Raised in Los Angeles, Nishio is a third-generation Japanese-American (sansei) whose parents were two of the 120,000 forcibly relocated Japanese Americans during World War II. She studied art at the University of Kansas and received her Master's of Fine Arts from Rutgers University, where she studied with Geoffrey Hendricks. While still a graduate student, she started making visits to the Woman's Building in Los Angeles, and in 1979 or 1980 moved back to that city. Nishio was hired by the Women's Graphic Center of the Women's Building. Among other work, she created logo for New World Pictures for film director Roger Corman. Her first studio was also at the Women's Building.

== Career==
Nishio's first public performance, Cheap Talk (Great Wall Series), took place at the Franklin Furnace in New York in 1979. The work combined written and spoken text, slides and film images.
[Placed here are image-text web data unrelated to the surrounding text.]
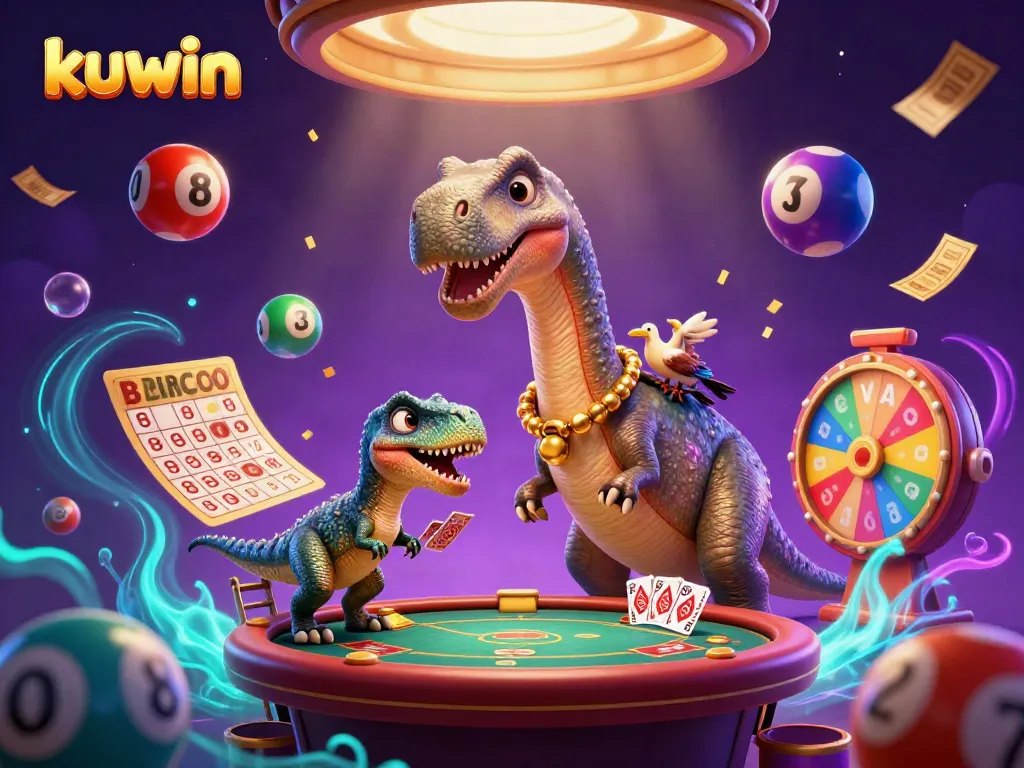 Kuwin engages players with lively casino elements, featuring a giant brontosaurus and dynamic lottery scene.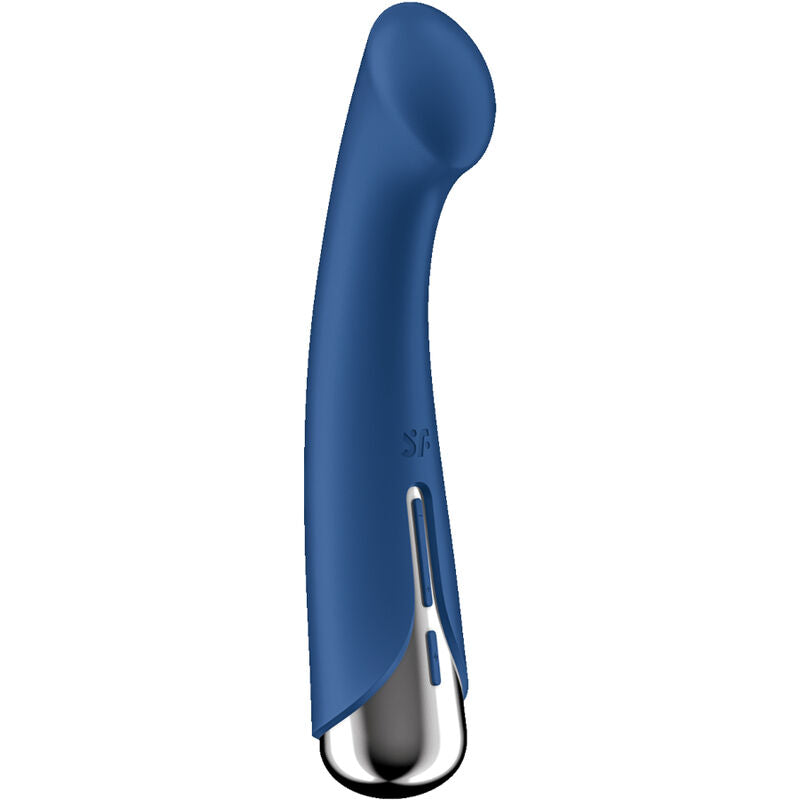 Vibromasseur point G Spinning bleu de profil, courbe ergonomique vers la pointe aplatie et embout argenté. Silicone doux Satisfyer, vibration et rotation.
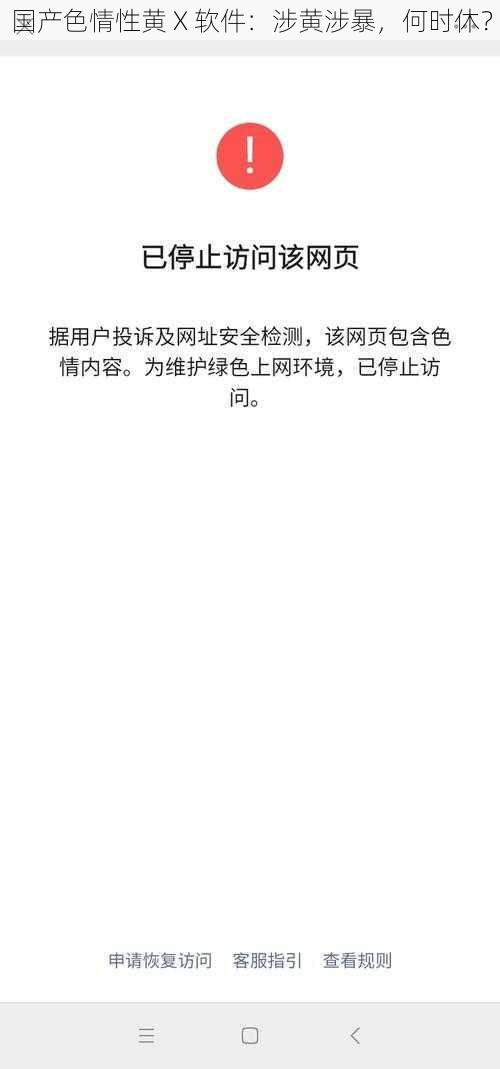 国产色情性黄 X 软件:涉黄涉暴,何时休?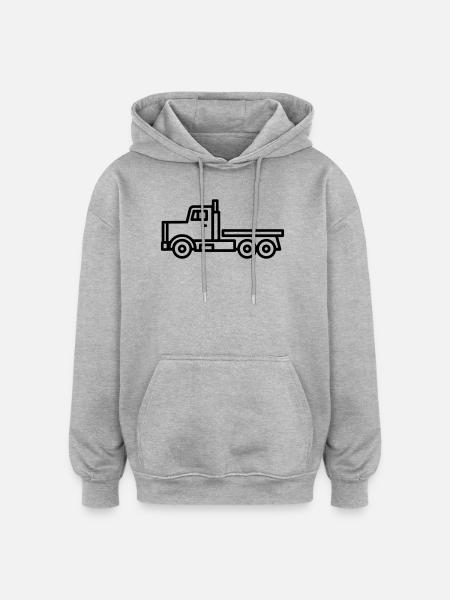 Lkw - Oversized Unisex Hoodie - Grau meliert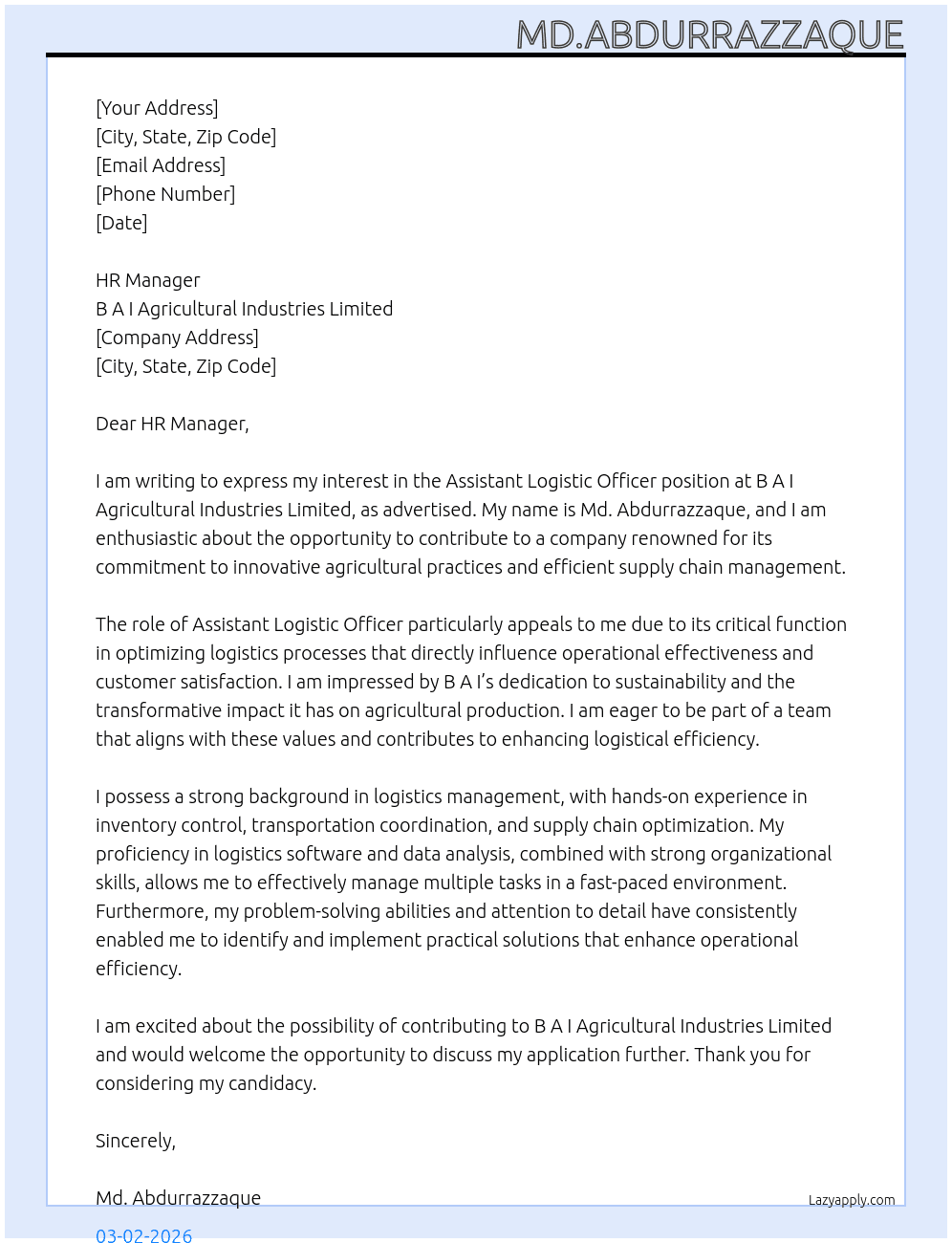 assistant logistic officer At B A I Agricultral industries limited Cover Letter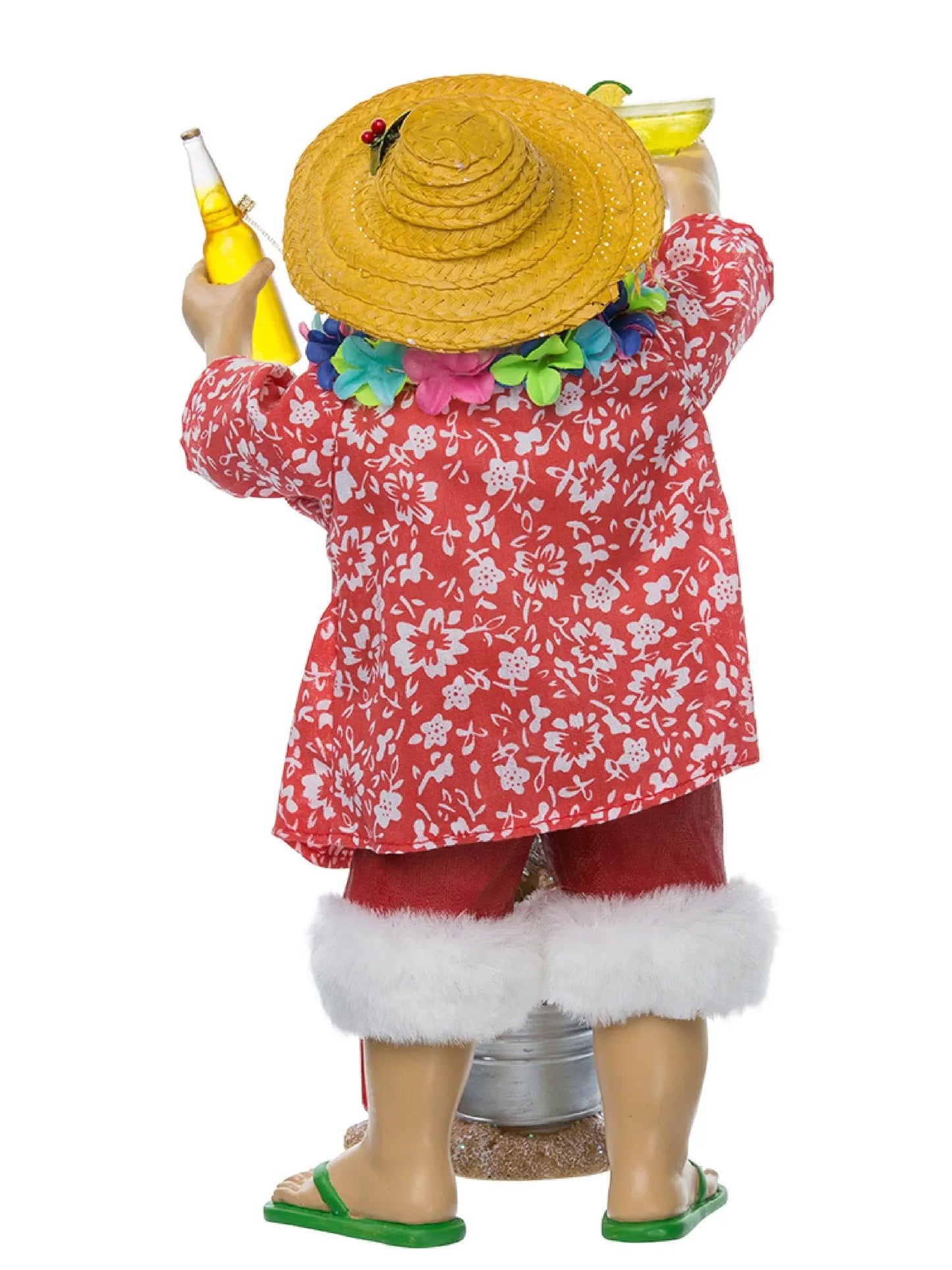 10-Inch Beach Santa With Margarita & Beer | 2-Piece Figurine Set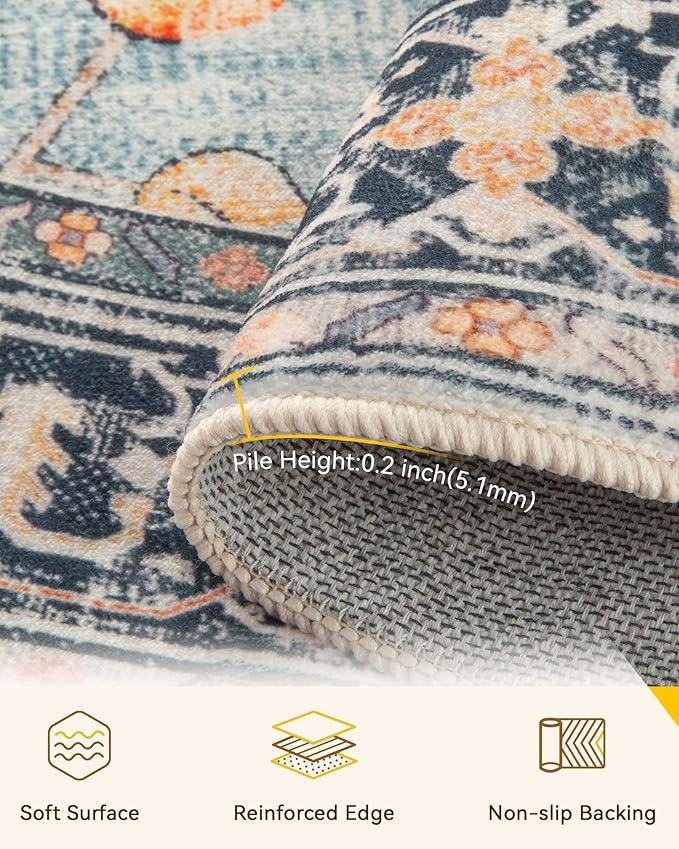 RELEANY Area Rugs 7ft Washable Non-Slip, Floral Vintage Distress Print Pattern Medallion Carpet for Living Room Bedroom Dining Room, Beige Navy Blue Orange Colorful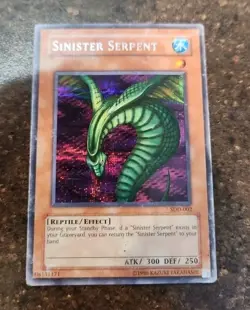 Yugioh Sinister Serpent SDD-002 Secret Rare Card - MP To HP Condition - Image 1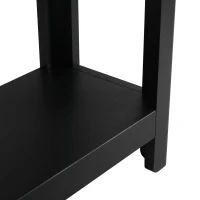 Elegant Farmhouse Console Table with Knot-Free Pine Legs, Accent Sofa Table with Solid Wood Veneer Top, 59" L x 15.5" W x 30" H, Black(m-9)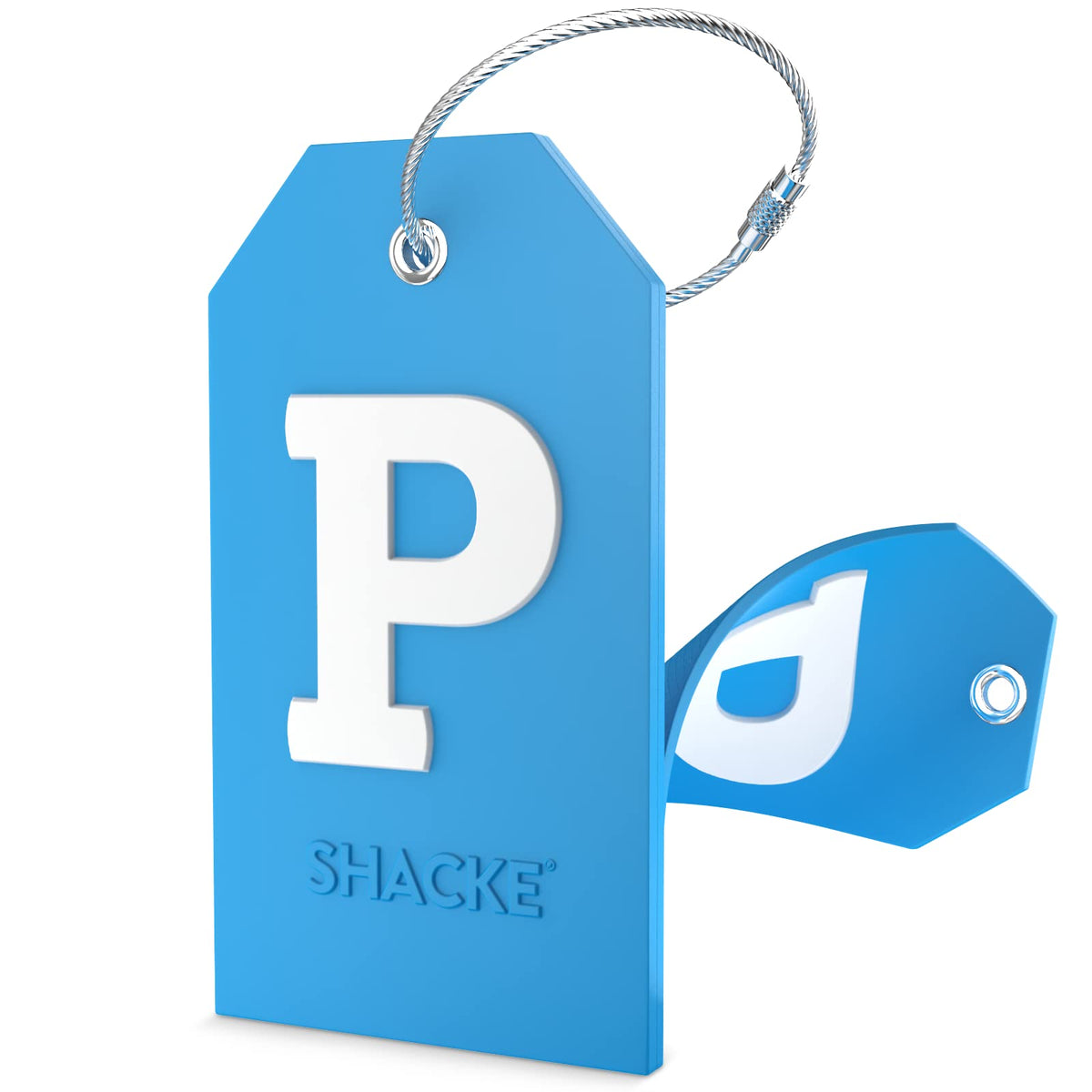 Shacke Initial Luggage Tag with Privacy Cover & Steel Loop (Orange, B)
She performed Ghost in the Machine two years later at the same space, which was reviewed by Lucy Lippard for the Village Voice, and included in her 1984 book, Get the Message: A Decade of Art for Social Change. Another nonprofit space that showed Nishio's work early in her career (Cheap Talk, in 1980) was LACE in Los Angeles. Her work is in the Artwords and Bookworks collections at the University of Iowa.

In describing her work of this period, Nishio has said, ""The artwork was all about ... the personal is the political. How I saw the world was the material for the artwork, so instead of maybe painting self-portraits, I was making performance: The performance was the self-portrait."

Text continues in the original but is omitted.